Сказанное никоим образом не следовало бы принимать за критику. Это — не критика, а попытка описания фактов в своеобразном ракурсе. Надо иметь в виду: если это было так, то это должно было быть так. Мысль, проходящая обряд самопознания и самосознания, должна была оторваться от своей мифической родословной (как знать, не через повторение ли поступка Эдипа?), но опасности, подстерегающие ее на этом пути, оказались неисчислимыми. Не такова ли и схема истории отдельной человеческой жизни (аналогия необязательная, хотя эвристически небесполезная): ребенок, пребывающий под сенью родительского рая, вырастает в подростка, могущего замахнуться на родителя, и дальше в юношу, покидающего отчий дом в теме верности шубертовскому "Скитальцу", чтобы, наконец… Но конца–то и нет еще. Вернется ли он в отчий дом, возмужалый, новый, по–новому, или растратит свой срок в бесцельных и беспроких мытарствах, — вопрос пока остается открытым. Драма мысли (ее заключительный акт) еще не дописана. Но несомненно одно: авторский коллектив пишущий эту драму, неоднороден. И в шуме бранных дискуссий по поводу престола мысли между пустыми формами рассудка и слепыми созерцаниями чувств не столь уж редко звучат загадочно просветленные реплики прозревающей памяти первородства.
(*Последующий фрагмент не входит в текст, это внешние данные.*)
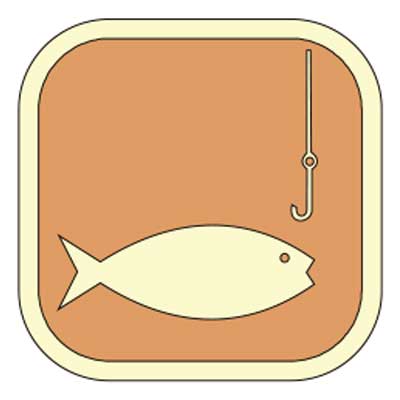 Fishing Icon, 7" x 7" USFS Decal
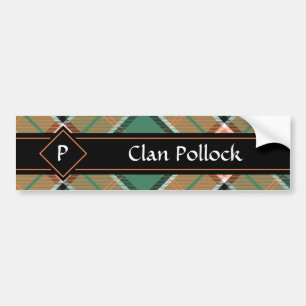 Klan Pollock Tartan Bumper Sticker Bildekal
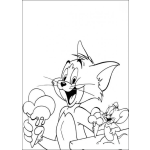 Dibujo para colorear Colorear a Tom y Jerry comiendo helado juntos tomyjerry tom y yerry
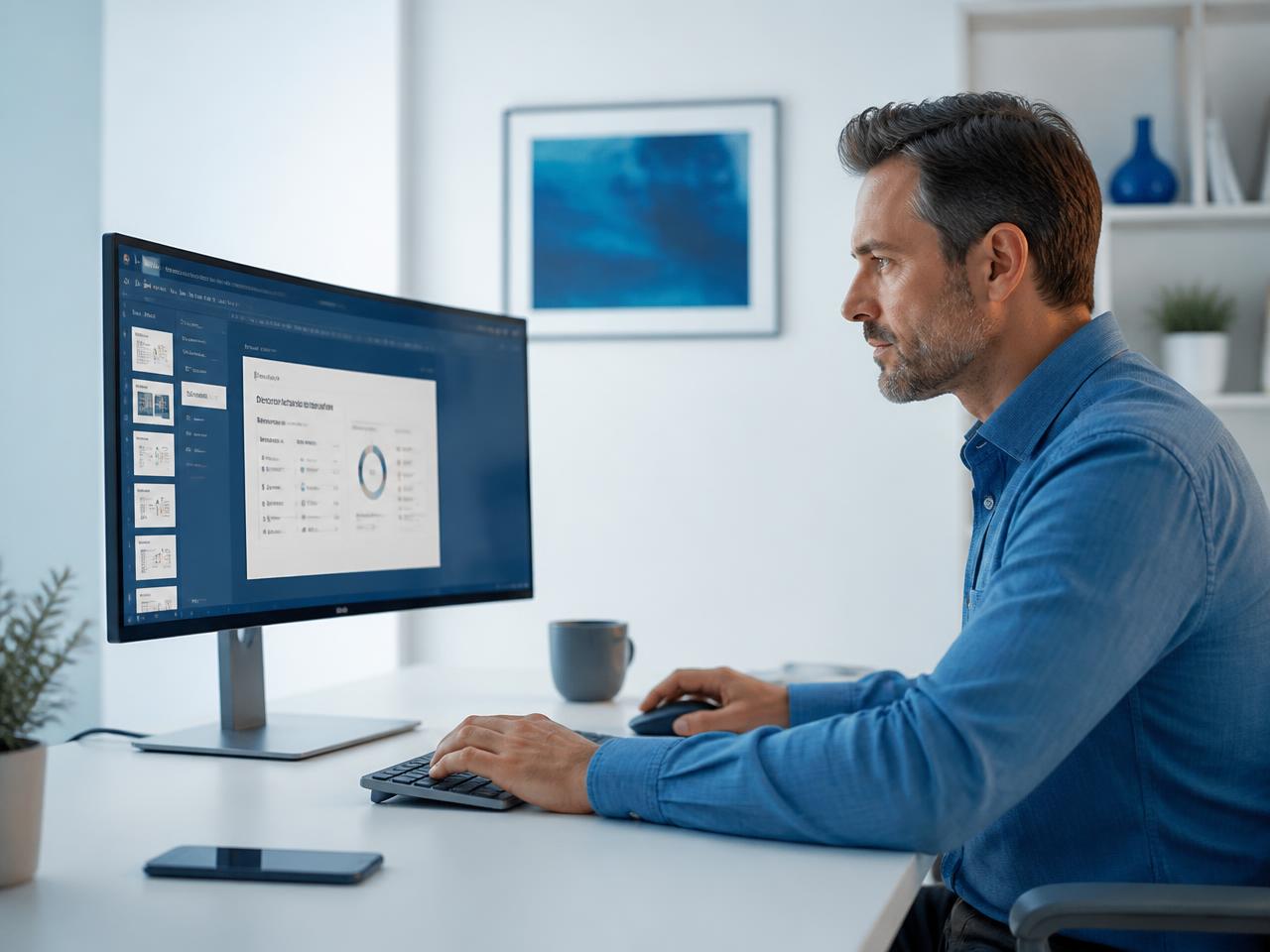 Profesional usando un monitor Dell en su espacio de trabajo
Память о прологе удерживает Фауста от "театра абсурда" и выпрямляет его стези.
Глава 2. Проблема познания как reductio ad absurdum
В воспоминаниях К. — Г. Юнга приводится любопытный разговор, имевший место между ним и вождем одного из племен американских индейцев:
— Видишь, — сказал Охвией Биано, — как жестоко выглядят белые. Их губы тонки, они остроносы, их лица покрыты морщинами и искажены складками. У них вытаращенные глаза; они всегда что–то ищут. Что они ищут? Белые всегда хотят чего–то; они всегда тревожны и беспокойны. Мы не знаем, чего они хотят. Мы не понимаем их. Мы думаем, что они сумасшедшие.
Я спросил его, почему ему кажется, что все белые сумасшедшие.
— Они говорят, что они думают головами, — ответил он.
— Ну конечно. Чем же думаете вы? — удивленно спросил я его.
— Мы думаем тут, — сказал он, показав на сердце" [1].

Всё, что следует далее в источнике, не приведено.